011: Wellspring of Hate. An underground lake and the surrounding caverns.

012: Vacant Armory. Classic dungeon design. Can be used for any underground complex, I just happened to use it as a trap-filled abandoned dwarven armory.


----------



## Phineas Crow

Three more maps...

Map 013: Acropolis of the Raging Sky. A hillside citadel city. Could be used as part of a city or on its own.

Map 014: Deep Vent. A series of narrow tunnels formed by volcanic activity with three entrances.

Map 015: House of Veils. A house that can be used as a manor, gambling hall, or bordello.


----------



## Phineas Crow

Map 016: Back-Street Arena. An arena, most likely illegal and located in some dark alleyway.

Map 017: Crystal Caverns. Some more caves.

Map 018: Sordid Hostelry. A small inn. Never know when you need an inn floorplan.


----------



## Phineas Crow

Map 019: Rebel Redoubt. A small wilderness fort with a hidden escape tunnel.
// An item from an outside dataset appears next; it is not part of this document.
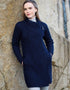 Aran Crafts Cable Knit Side Zip Coat | Blue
Map 020: Concealed Ossuary. Another underground dungeon.

Map 021: Small Den. A small system of caves, useful for animal lairs or monster dens.


----------



## Trainz

Fascinating maps. I wish ID could

-draw bigger maps
-do diagonals
-do curves

Very sweet maps.


----------



## Phineas Crow

Map 022: Ancient Burial Ground. The classic house built on top of a burial ground, which happens to be a series of bone-filled caverns.

Map 023: Smuggler's Cove. A hidden waypoint in the smuggler shipping lanes.
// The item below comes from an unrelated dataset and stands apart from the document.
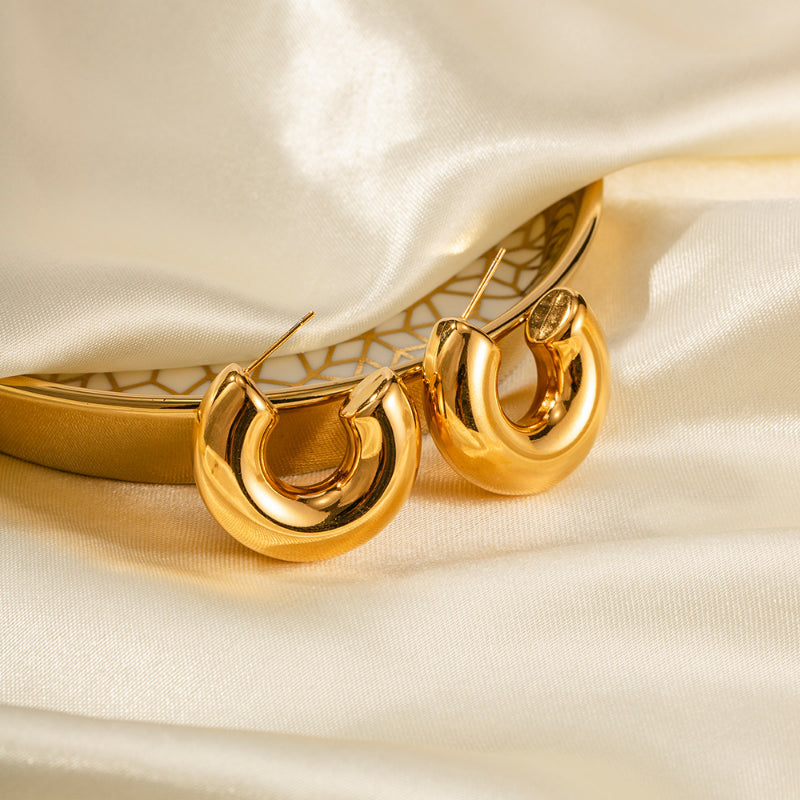 Gold Plated Stainless Steel Hollow C Hoop Earrings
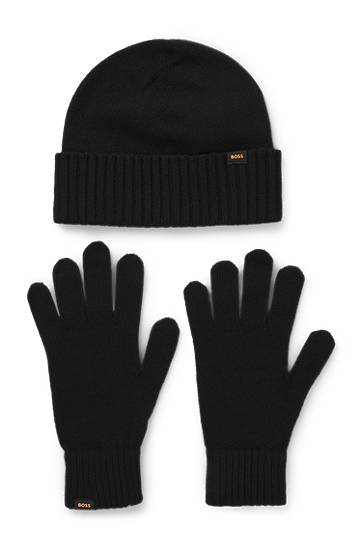 Kulicha BOSS Knitted beanie hat and gloves gift set Čierna | 50551225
Map 024: Looming Spire. A tall pinnacle of rock with four levels hollowed out.


----------



## Phineas Crow

Map 025: Sunken Temple. A temple, buried by time and rock. Entrance is through a crack in one of the upper floor room walls.
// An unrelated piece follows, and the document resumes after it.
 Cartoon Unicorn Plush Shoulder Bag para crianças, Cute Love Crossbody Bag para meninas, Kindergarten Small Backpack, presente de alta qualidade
Map 026: Lost Shipwreck. A simple ship floorplan.

Map 027: Dark Grotto. A smallish cave system centered on a large waterlogged cavern.


----------



## Capellan

As a Story Hour writer, I know how good it is to get feedback, so I thought I'd drop a note to mention how much I appreciate this thread.  There have been some great maps here.

On the whole, I think your 'manufactured environment' (buildings etc) are more useful than the 'natural environment' (just plain caves) as the latter are a bit sparse of detail.  When you mix the two it works really well, though (like in the Sea Caves).

Have you considered addign a bit more to the cave systems?  Shafts, pits, contour lines, areas of rough ground, things like that?

And once again - thanks for the maps


----------



## Ranes

I'm always on the lookout for maps, because they always take me so long to create and they rarely turn out good. These are great. Thanks for sharing them.


----------



## Phineas Crow

Capellan said:
			
		

> ... Have you considered addign a bit more to the cave systems?  Shafts, pits, contour lines, areas of rough ground, things like that?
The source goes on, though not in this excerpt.